Spotkałem wielu ludzi, którzy są dogmatycznie przeciwni czemukolwiek, co można uznać za „optymalizację” w ogólnym znaczeniu tego słowa w języku angielskim, i bardzo często cytują dosłownie (częściowo) cytat „przedwczesna optymalizacja jest źródłem wszelkiego zła” jako uzasadnienie ich stanowiska, sugerując, że interpretują wszystko, o czym mówię, jako „przedwczesną optymalizację”. Jednak te poglądy są czasami tak absurdalnie zakorzenione, że odrzucają praktycznie wszelkie odchylenia algorytmiczne lub struktury danych od najczystszej „naiwnej” implementacji… lub przynajmniej wszelkie odchylenia od tego, co robili wcześniej.Jak można podejść do takich osób w taki sposób, aby ponownie „otworzyły uszy” po tym, jak przestały słyszeć o „wydajności” lub „optymalizacji”? Jak omówić temat projektowania / wdrażania, który ma wpływ na wydajność, nie każąc ludziom od razu myśleć: „Ten facet chce spędzić dwa tygodnie na dziesięciu liniach kodu?”
Teraz stanowisko, czy „wszelka optymalizacja jest przedwczesna, a zatem zła”, czy nie, zostało już omówione tutaj, jak również w innych zakątkach sieci , i już dyskutowano, jak rozpoznać, kiedy optymalizacja jest przedwczesna, a zatem zła , ale niestety wciąż istnieją ludzie w prawdziwym świecie, którzy nie są tak otwarci na wyzwania związane z wiarą w antyoptymalizację.
Poprzednie próby
Kilka razy próbowałem podać pełny cytat z Donalda Knutha , aby wyjaśnić, że „przedwczesna optymalizacja jest zła” ↛ „cała optymalizacja jest zła”:
Powinniśmy zapomnieć o małej wydajności, powiedzmy około 97% czasu: przedwczesna optymalizacja jest źródłem wszelkiego zła.

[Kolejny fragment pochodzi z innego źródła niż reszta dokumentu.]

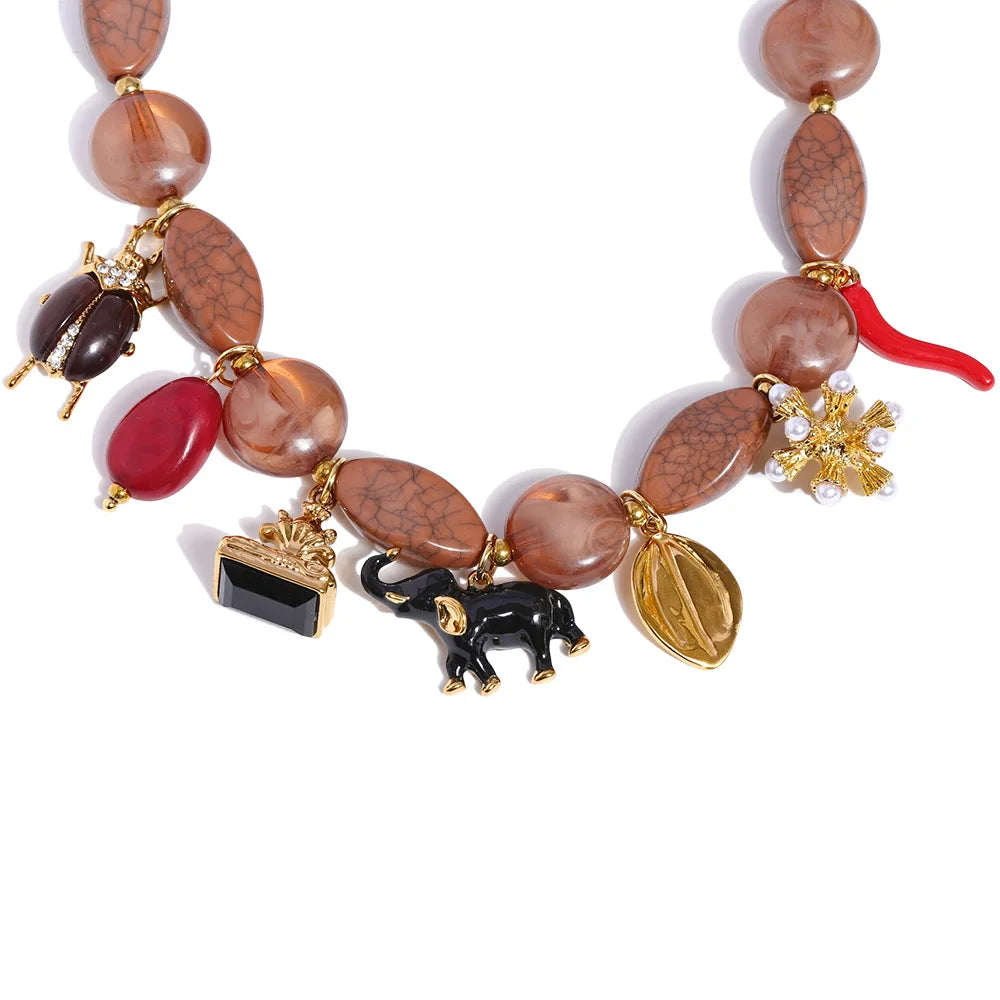 Isalene  Necklaces Gold / Brown Marbled Beads / Adjustable (16–18 inches) Wanderer Charm Strand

Nie powinniśmy jednak tracić naszych szans w tak krytycznych 3%.
Jednak, dostarczając cały cytat, ludzie ci czasami stają się bardziej przekonani, że to, co robię, to Premature Optimization ™ i kopie i nie chce słuchać. To prawie tak, jakby przeraża je słowo „optymalizacja”: Kilka razy byłem w stanie zaproponować rzeczywiste zmiany kodu poprawiające wydajność bez zawetowania ich, po prostu unikając użycia słowa „optymalizacja (e | acja)” ( i „wydajność” - to słowo też jest przerażające) i zamiast tego używa wyrażeń takich jak „architektura alternatywna” lub „ulepszona implementacja”. Z tego powodu naprawdę wydaje się, że to naprawdę jest dogmatyzm, a nie faktyczna ocena tego, co mówię krytycznie, a następnie odrzucenie go jako niepotrzebnego i / lub zbyt kosztownego.